Sunday, October 30, 2016

Pie Tips from Farmers Almanac

  • For a flaky, tender piecrust, make sure that all the ingredients and utensils are cold.
  • For the best tasting crust, use butter, preferably unsalted.
  • Try to use fresh fruit whenever possible, but especially when baking with apples. Apples can be mushy and bland after storage. Crisp, fresh apples hold up better, especially if you want to double-bake them.
  • Add ½ teaspoon of lemon juice to your fruit filling to bring out the taste of the fruit and help it keep its color.
  • Fill a sugar shaker with flour to shake out when you’re rolling pastry.
  • Make the top piecrust slightly thinner than the bottom crust to help maintain the structure of the pie.
  • To keep an empty pie shell from buckling, place a straight-sided cake pan, just a bit smaller than your pie dish, right down on top of the crust. Bake for about ten minutes, and remove the cake pan. Use a fork to prick any places that still puff up, and bake for 5 minutes longer, or until the crust is a light golden color.
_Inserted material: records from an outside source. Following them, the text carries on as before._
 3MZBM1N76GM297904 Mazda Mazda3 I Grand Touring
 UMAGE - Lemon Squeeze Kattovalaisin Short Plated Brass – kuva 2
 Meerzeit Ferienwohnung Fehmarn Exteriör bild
  • To avoid a soggy bottom crust in your fruit pie, get the filling into the piecrust and into the oven quickly. If there is extra juice in the bowl, don’t pour it into the piecrust.
  • Get creative when carving ventilation holes. Try a heart, leaves, stars, or apple-shape.
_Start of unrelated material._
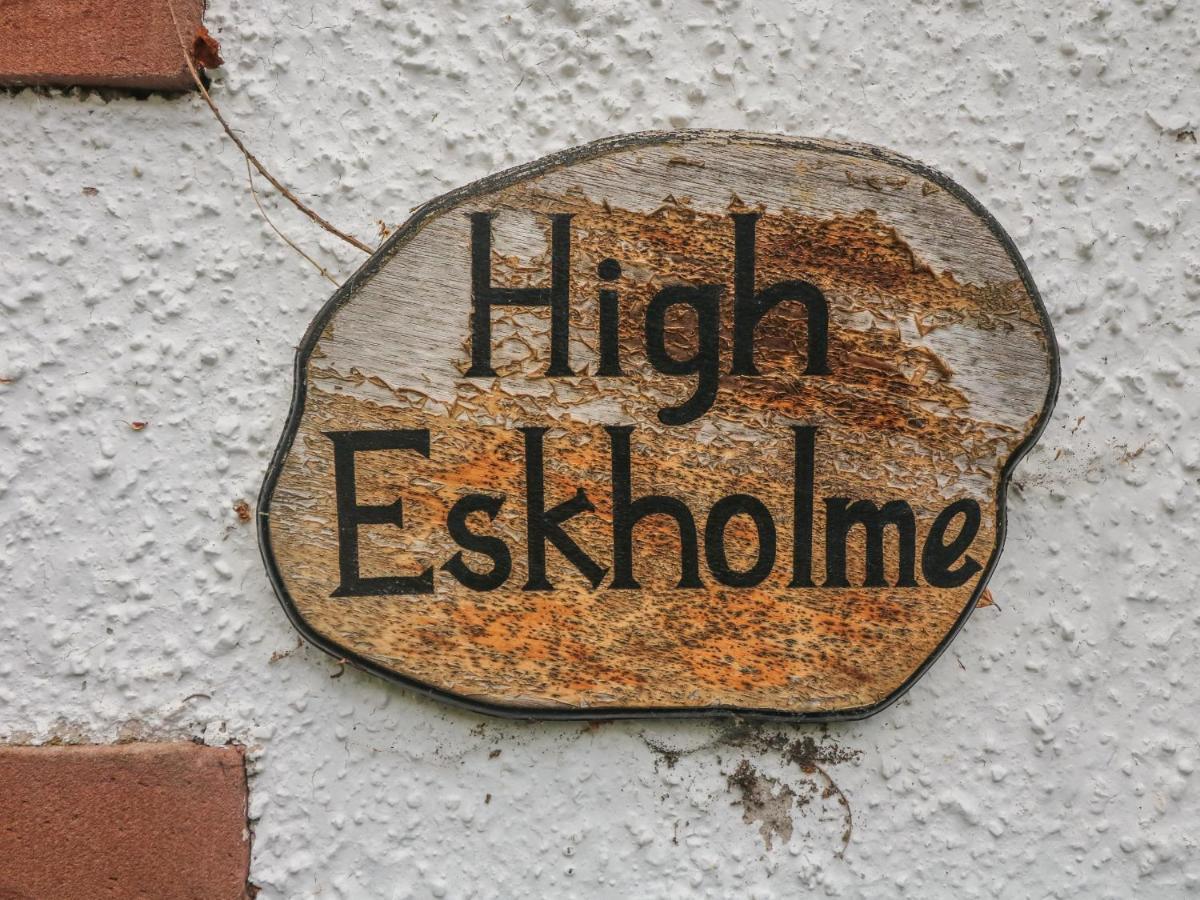 High Eskholme Villa Ravenglass Kültér fotó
  • Bake on a cookie sheet covered in aluminum foil to catch any juices that may run over the edge.
  • Rotate the pie 180 degrees midway through baking. This helps the pie to cook evenly and balances the surface browning.
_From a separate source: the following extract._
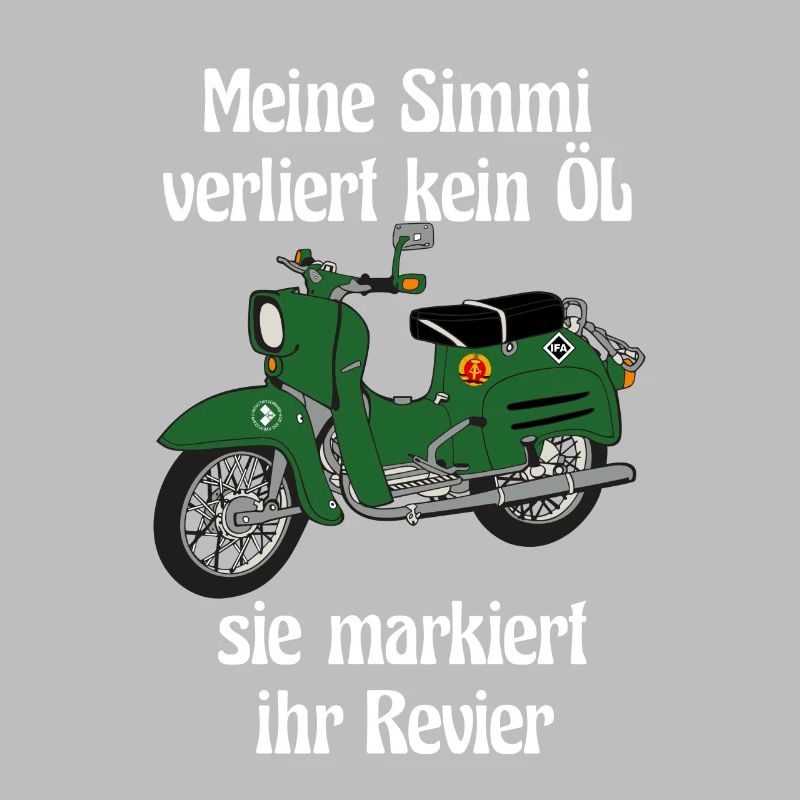 Schwalbenfahrer Simson Schwalbe Kult Roller DDR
  • Pay attention to the pie while it’s baking. Efficiency in the kitchen is great. However, try not to do too many things at once when you are baking pies.
  • When cutting a cream or custard pie, wet the knife with hot water to make a clean cut that won’t tear the filling.
  • Tips for freezing (fruit and meat pies): Prepare completely and freeze completely. Do not attempt to thaw before baking, bake in the frozen state, adjusting baking time accordingly.